Odds ratio (OR), 95% confidence interval [95% CI], and p value (Fisher's exact).

In 23 men (62.2%) and 40 women (63.5%), at least one dermal nevus was observed on the total body. Dermal nevi most frequently occurred on the upper back in men (9/37; 24.3%) and on the face-neck area in women (16/63; 25.4%).

The presence of at least one atypical nevus on the total body was more frequently observed in men than in women (19/37; 51.4% vs. 16/63; 25.4%; OR = 3.10, 95% CI: 1.31–7.32, p = 0.010). Atypical nevi primarily occurred on the abdomen in men (7/37; 18.9%) and on the upper back in women (8/63; 12.7%). Absence of atypical nevi on the lower back-gluteal region in women was positively associated with low sun exposure in central European latitudes during midlife (OR = 1.54, 95% CI: 1.28–1.85, p = 0.002) and low sun exposure in southern regions during adolescence (OR = 49.00, 95% CI: 5.38–446.28, p < 0.001) (shown in Table 3). Presence of atypical nevi on the lower back-gluteal region in men correlated directly with frequent use of sunscreen with SPF during adolescence (OR = 23.00, 95% CI: 2.48–213.70, p = 0.006) (shown in Table 4).

Congenital nevi were encountered in 6 men (16.2%) and 6 women (9.5%). They most frequently occurred on the upper extremities in men (4/37; 10.8%) and on the lower extremities in women (3/63; 4.8%).

Seborrheic keratoses occurred in 37 men (100.0%) and 59 women (94.0%). In 22 men (59.5%) and 39 women (61.9%), 10 or more seborrheic keratoses were present on the total body. They most frequently occurred on the ventral thorax in both male and female participants (29/37; 78.4% and 54/63; 85.7%, respectively). Absence of seborrheic keratoses on the upper back correlated with spending few hours on workdays partially sun-exposed in the summertime during midlife in women (p = 0.006) (shown in Table 3).

Hemangiomas occurred in 36 men (97.3%) and 56 women (88.9%). In 20 men (54.1%) and 25 women (39.7%), 10 or more hemangiomas were present on the total body. In both men and women, hemangiomas were most frequently observed on the ventral thorax (34/37; 91.9% and 52/63; 82.5%, respectively). Within female participants, spending many hours on the weekend partially sun-exposed in the summertime during adolescence was associated with lacking hemangiomas on the upper extremities (OR = 0.18, 95% CI: 0.05–0.58, p = 0.004) and abdomen (OR = 0.12, 95% CI: 0.03–0.61, p = 0.008) (shown in Table 3). Spending few hours on workdays partially sun-exposed in the summertime during the last year was associated with the occurrence of hemangiomas on the upper extremities in women (OR = 0.14, 95% CI: 0.03–0.70, p = 0.009) (shown in Table 3).
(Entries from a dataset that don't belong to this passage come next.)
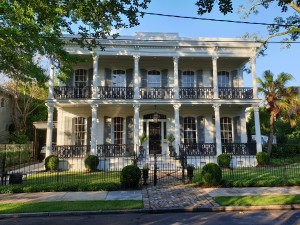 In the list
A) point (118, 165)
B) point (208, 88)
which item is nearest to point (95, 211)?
point (118, 165)

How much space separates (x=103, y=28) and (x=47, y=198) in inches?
251

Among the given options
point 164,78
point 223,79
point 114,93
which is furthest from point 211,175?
point 223,79

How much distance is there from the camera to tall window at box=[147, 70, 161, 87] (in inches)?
823

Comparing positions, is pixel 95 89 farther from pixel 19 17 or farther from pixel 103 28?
pixel 103 28

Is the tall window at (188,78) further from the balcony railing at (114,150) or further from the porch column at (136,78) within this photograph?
the balcony railing at (114,150)

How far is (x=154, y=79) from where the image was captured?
21047mm

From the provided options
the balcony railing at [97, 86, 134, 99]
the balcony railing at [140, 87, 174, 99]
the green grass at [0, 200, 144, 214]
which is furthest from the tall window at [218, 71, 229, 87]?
the green grass at [0, 200, 144, 214]

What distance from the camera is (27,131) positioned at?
26.3m

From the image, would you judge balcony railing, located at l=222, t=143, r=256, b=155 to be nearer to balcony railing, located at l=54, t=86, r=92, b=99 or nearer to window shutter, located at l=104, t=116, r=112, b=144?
window shutter, located at l=104, t=116, r=112, b=144

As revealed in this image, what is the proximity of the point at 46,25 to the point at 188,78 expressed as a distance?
12.3 m

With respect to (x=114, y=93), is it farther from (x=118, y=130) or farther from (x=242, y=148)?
(x=242, y=148)

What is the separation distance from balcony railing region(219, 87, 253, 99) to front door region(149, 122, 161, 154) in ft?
16.9

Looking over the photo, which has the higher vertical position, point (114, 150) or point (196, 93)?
point (196, 93)

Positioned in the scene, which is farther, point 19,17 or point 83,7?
point 19,17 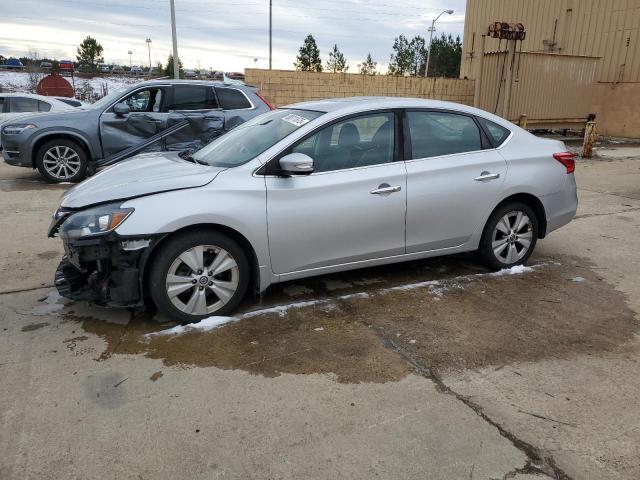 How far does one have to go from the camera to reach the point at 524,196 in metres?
4.99

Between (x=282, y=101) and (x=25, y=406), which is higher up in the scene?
(x=282, y=101)

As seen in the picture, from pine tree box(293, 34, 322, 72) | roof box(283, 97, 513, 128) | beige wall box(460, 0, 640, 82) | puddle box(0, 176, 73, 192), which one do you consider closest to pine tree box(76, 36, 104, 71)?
pine tree box(293, 34, 322, 72)

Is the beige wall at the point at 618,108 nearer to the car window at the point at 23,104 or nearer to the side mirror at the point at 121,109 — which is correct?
the side mirror at the point at 121,109

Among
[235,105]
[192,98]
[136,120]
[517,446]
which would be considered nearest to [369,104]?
[517,446]

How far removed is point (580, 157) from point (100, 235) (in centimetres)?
1385

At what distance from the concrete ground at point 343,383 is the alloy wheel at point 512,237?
21 centimetres

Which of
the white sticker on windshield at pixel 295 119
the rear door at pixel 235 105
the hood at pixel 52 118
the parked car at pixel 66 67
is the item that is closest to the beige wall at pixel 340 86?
the rear door at pixel 235 105

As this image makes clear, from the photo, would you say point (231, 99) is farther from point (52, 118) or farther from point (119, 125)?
point (52, 118)

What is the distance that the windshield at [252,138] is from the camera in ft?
13.7

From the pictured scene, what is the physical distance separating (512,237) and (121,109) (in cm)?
688

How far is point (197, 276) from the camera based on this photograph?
3.79 m

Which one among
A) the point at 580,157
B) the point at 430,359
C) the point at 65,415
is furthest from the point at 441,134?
the point at 580,157

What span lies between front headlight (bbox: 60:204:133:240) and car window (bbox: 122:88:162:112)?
6039 mm

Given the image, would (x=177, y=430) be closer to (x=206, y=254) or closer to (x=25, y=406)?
(x=25, y=406) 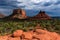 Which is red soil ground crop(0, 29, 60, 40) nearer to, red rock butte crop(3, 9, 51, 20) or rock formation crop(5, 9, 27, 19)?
red rock butte crop(3, 9, 51, 20)

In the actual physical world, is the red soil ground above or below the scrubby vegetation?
below

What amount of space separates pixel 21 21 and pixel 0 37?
4.94 feet

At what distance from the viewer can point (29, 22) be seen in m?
8.65

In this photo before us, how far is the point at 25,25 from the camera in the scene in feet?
28.3

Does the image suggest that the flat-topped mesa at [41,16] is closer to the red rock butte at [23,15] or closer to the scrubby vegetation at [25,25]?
the red rock butte at [23,15]

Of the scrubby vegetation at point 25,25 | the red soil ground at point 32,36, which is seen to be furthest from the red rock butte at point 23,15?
the red soil ground at point 32,36

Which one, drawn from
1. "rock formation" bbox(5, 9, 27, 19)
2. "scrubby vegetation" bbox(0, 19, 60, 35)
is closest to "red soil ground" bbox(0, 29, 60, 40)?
"scrubby vegetation" bbox(0, 19, 60, 35)

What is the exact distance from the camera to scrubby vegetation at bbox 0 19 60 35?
8.48 metres

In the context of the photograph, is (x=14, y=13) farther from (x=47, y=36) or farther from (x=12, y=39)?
(x=47, y=36)

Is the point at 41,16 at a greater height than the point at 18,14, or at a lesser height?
lesser

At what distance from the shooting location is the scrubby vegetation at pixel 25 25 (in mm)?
8477

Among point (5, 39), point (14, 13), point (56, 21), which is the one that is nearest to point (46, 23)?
point (56, 21)

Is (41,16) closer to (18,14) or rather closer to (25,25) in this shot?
(25,25)

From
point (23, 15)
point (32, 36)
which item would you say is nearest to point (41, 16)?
point (23, 15) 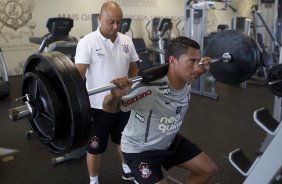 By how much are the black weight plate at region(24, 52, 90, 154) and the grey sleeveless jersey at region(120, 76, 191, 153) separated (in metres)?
0.41

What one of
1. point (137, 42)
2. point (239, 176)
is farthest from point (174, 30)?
point (239, 176)

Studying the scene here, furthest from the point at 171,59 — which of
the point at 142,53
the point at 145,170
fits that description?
the point at 142,53

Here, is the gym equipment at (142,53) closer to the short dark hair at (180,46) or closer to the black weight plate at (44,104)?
the short dark hair at (180,46)

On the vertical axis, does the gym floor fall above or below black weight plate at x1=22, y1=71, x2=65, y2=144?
below

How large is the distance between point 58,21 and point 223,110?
2.57m

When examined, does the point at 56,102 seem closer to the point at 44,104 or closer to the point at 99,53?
the point at 44,104

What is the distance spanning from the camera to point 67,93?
3.52ft

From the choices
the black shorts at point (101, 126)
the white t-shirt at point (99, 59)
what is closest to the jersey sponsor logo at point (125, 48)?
the white t-shirt at point (99, 59)

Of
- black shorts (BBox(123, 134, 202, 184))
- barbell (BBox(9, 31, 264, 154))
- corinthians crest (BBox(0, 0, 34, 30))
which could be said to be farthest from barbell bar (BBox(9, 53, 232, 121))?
corinthians crest (BBox(0, 0, 34, 30))

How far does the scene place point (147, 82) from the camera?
1499 mm

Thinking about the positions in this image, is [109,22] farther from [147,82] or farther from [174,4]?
[174,4]

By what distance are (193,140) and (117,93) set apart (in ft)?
6.74

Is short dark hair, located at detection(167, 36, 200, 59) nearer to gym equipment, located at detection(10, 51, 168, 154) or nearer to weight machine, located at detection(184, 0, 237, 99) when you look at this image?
gym equipment, located at detection(10, 51, 168, 154)

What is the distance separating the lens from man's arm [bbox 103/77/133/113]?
134 cm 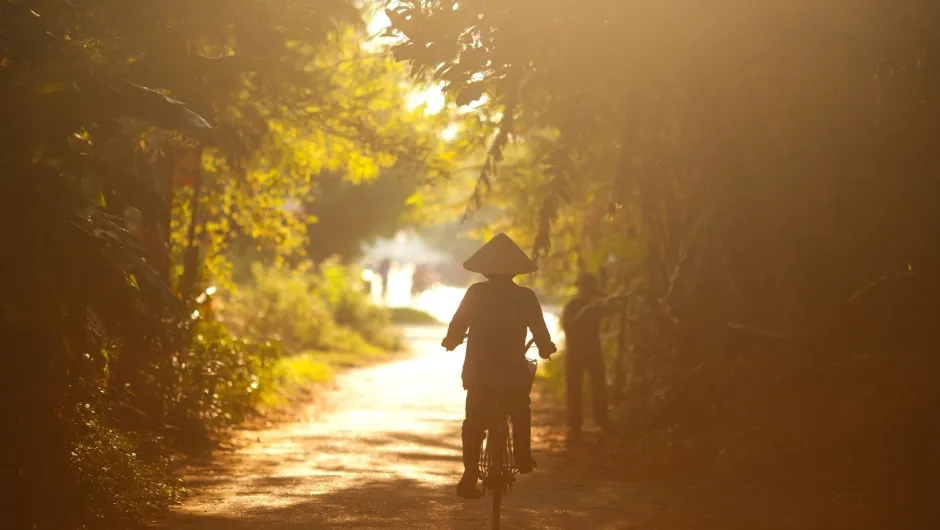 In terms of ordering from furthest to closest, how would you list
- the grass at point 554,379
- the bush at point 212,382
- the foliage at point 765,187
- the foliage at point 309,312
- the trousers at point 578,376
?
the foliage at point 309,312 → the grass at point 554,379 → the trousers at point 578,376 → the bush at point 212,382 → the foliage at point 765,187

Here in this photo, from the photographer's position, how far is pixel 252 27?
10.9 m

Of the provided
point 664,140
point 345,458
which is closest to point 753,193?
point 664,140

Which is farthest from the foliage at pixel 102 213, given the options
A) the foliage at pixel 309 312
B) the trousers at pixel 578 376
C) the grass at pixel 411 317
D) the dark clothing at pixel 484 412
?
the grass at pixel 411 317

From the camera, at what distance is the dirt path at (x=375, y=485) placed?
8.85m

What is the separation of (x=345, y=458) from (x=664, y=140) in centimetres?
472

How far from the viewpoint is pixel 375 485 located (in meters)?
10.5

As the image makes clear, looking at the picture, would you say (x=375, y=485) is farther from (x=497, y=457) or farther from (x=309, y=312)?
(x=309, y=312)

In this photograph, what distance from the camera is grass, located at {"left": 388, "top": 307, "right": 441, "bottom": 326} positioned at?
49250 millimetres

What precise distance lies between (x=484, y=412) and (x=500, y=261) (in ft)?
3.41

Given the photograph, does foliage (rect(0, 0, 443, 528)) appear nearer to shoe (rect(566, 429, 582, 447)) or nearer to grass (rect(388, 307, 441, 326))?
shoe (rect(566, 429, 582, 447))

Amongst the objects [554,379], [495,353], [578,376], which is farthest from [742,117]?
[554,379]

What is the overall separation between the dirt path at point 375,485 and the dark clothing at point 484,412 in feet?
2.51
Dermatofibromas were present in 17 men (45.9%) and 24 women (38.1%). They primarily occurred on the lower extremities in both men and women (16/37; 43.2% and 17/63; 27.0%, respectively).

Lentigines were encountered in 37 men (100.0%) and 61 women (96.8%). In 25 men (67.6%) and 44 women (69.8%), 20 or more lentigines were present on the total body. In both men and women, lentigines primarily occurred on the upper extremities (35/37; 94.6% and 58/63; 92.1%, respectively). In male participants, the presence of five or more lentigines on the lower extremities correlated with the rare use of sunscreen with SPF during adolescence (OR = 1.75, 95% CI: 1.11–2.76, p = 0.004) (shown in Table 4). Statistically significant differences in gender-related distribution were only found for common nevi and atypical nevi (online suppl. Table 2).

Discussion

Our explorative study adds new knowledge about the anatomic distribution of the most frequently occurring benign skin tumors. Furthermore, we describe their relationship to sun-related behavior among a healthy predominant elderly cohort consisting of 100 participants.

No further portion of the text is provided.